Step 4: Hypotheses should be verified through direct observation of events in the real world and through statistical methods. (eg) There exists an inverse relationship between price and quantity demanded of a good.
Inductive method, also called empirical method, is adopted by the “Historical School of Economists”. It involves the process of reasoning from particular facts to general principle.
Economic generalizations are derived in this method, on the basis of
2. Observations; and,
3. Statistical methods.
Step 1: Data are collected about a certain economic phenomenon. These are systematically arranged and the general conclusions are drawn from them.
Step 2: By observing the data, conclusions are easily drawn.
Step 3: Generalization of the data and then Hypothesis Formulation
Step 4: Verification of the hypothesis (eg.Engel’s law)
According to Engel’s Law “The proportion of total expenditure incurred on food items declines as total expenditure [which is proxy for income] goes on increasing.”
Economists today are of the view that both these methods are complementary. Alfred Marshall has rightly remarked: “Inductive and Deductive methods are both needed for scientific thought, as the right and left foot are both needed for walking”.
Using the methods, the economist observes facts, such as, changes in the price of a commodity. Similarly, the quantity demanded of that commodity also varies. And he observes these movements and comes up with a theory that these two movements are inversely related, i.e., when the price increases, the quantity demanded of that commodity decreases and vice versa. Thus, he formulates his theory of demand.
He tests his theory by collecting further facts and when his theory stands the test of time and obtains universal acceptance, the theory is raised to the status of a law.
A Law expresses a causal relation between two or more than two phenomena. Marshall states that the Economic laws are statement of tendencies, and those social laws, which relate to those branches of conduct in which the strength of the motives chiefly concerned can be measured by money price.
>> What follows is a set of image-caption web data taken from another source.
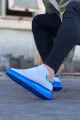 WG095 Erkek Günlük Bağcıklı Cilt Spor Sneaker Ayakkabı CMT - Beyaz/Mavi WG095 Erkek Günlük Bağcıklı Cilt Spor Sneaker Ayakkabı CMT - Beyaz/Mavi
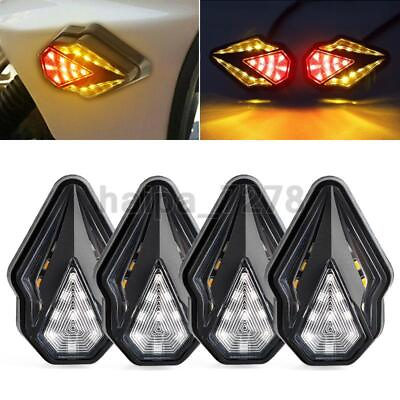 #ad 4X Motorcycle LED Flush Mount Turn Signal Light Indicator Flowing Amber Red DRL $17.98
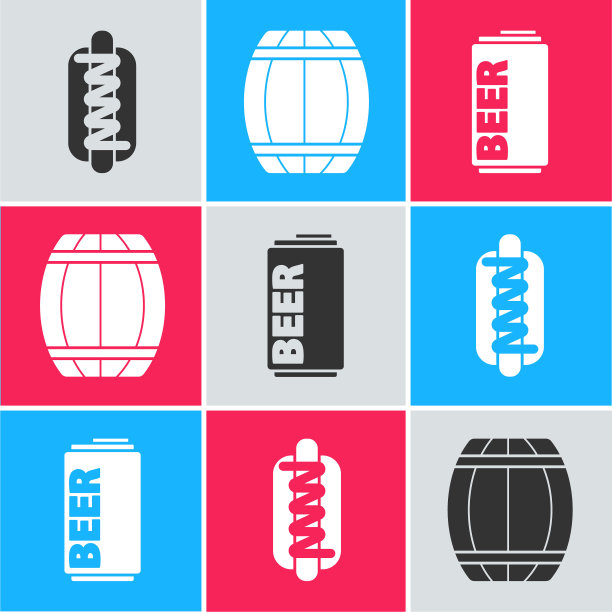 热狗三明治与芥末，木桶和啤酒罐图标。向量图片下载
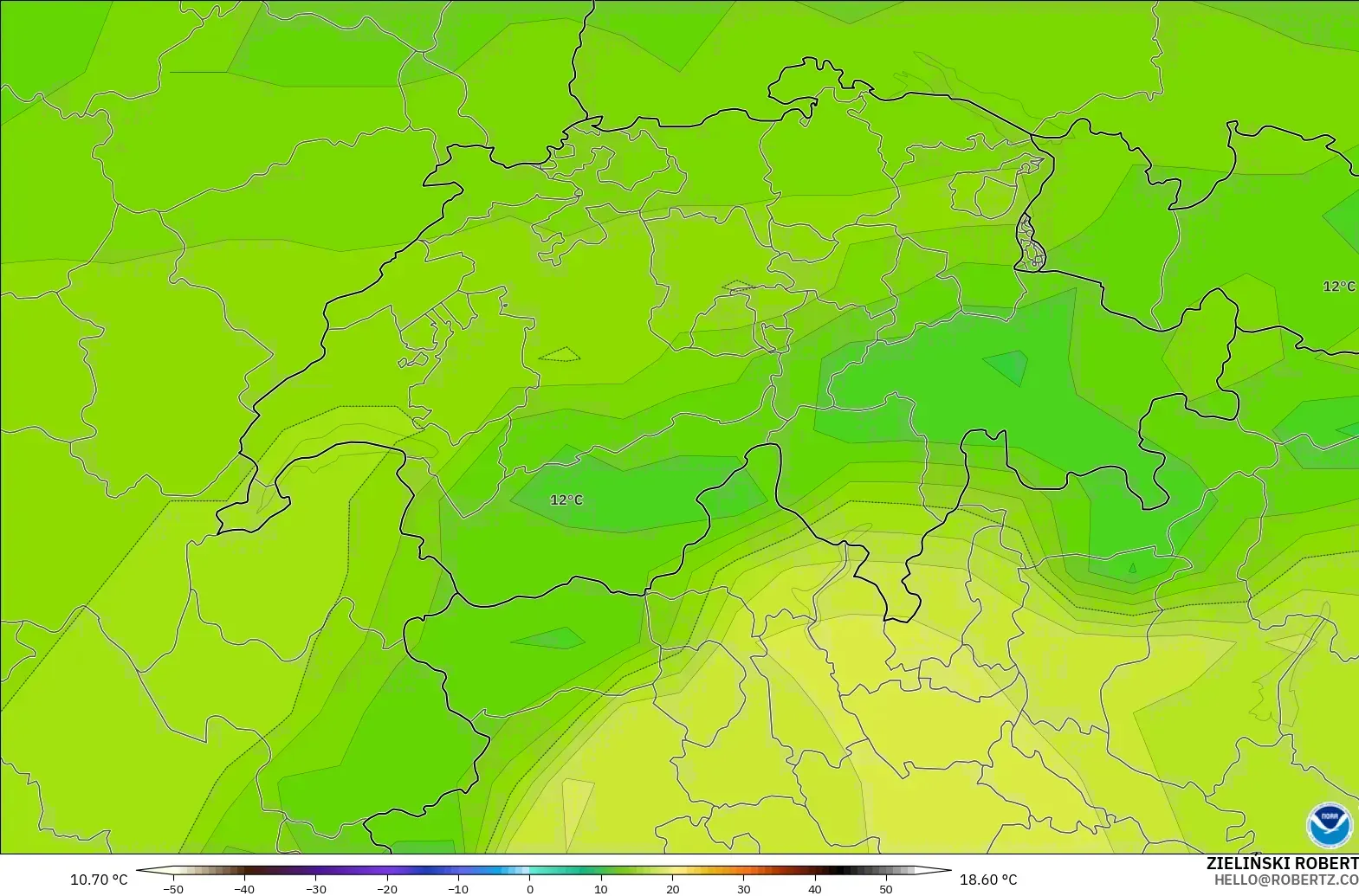 GFS model - Switzerland, Temperature at 850hPa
In natural sciences, a definite result is expected to follow from a particular cause. In Economic science, the laws function with cause and effect. The consequences predicted by the data, necessarily and invariably follow.
However, Economic laws are not as precise and certain as the laws in the physical sciences. Marshall holds the opinion that there are no laws of economics which can be compared for precision with the law of gravitation.
· To understand the operation of an economy
· To provide tools for economic policies
· To examine the condition of economic welfare
· Efficient utilization of resources
· Useful in international trade
· Useful in decision making:
· Optimal resource allocation
· Basis for prediction
· Price determination
A physical scientist carrying out controlled experiments in his laboratory can test the scientific laws very easily by changing the conditions obtaining there. Changes in Economics science cannot be brought about easily. As a result, prediction regarding human behaviour is likely to go wrong. There are exceptions to the Law of Demand. Thus, economic laws are not inviolable.
As unpredictability is invariably associated with the economic laws. Marshall compares them to the laws of tides. Just as it cannot be predicted and said with certainty that a high tide would follow a low tide, unpredictability prevails in Economics. Human behaviour is volatile. Economic laws are not assertive but they are indicative. The Law of Demand, for example, states that other things remaining the same, the quantity demanded of a commodity increases, as its price decreases and vice versa.
The use of the assumption ‘other things remaining the same’ (ceteris paribus) in Economics makes the Economic laws hypothetical. It might be argued that the laws in other sciences can also be called hypothetical. It should be admitted however that in the case of Economics, the hypothetical elements in its laws are a little less pronounced than in the laws of physical sciences.
But since money is used as the measuring rod, laws in economics are more exact, precise and accurate than the other social sciences. As the value of the measuring- rod money is not constant, there is always an hypothetical element surrounding the laws of Economics.
Some economic laws are simply truisms. For example, saving is a function of income.
Another example of truism is: human wants are unlimited.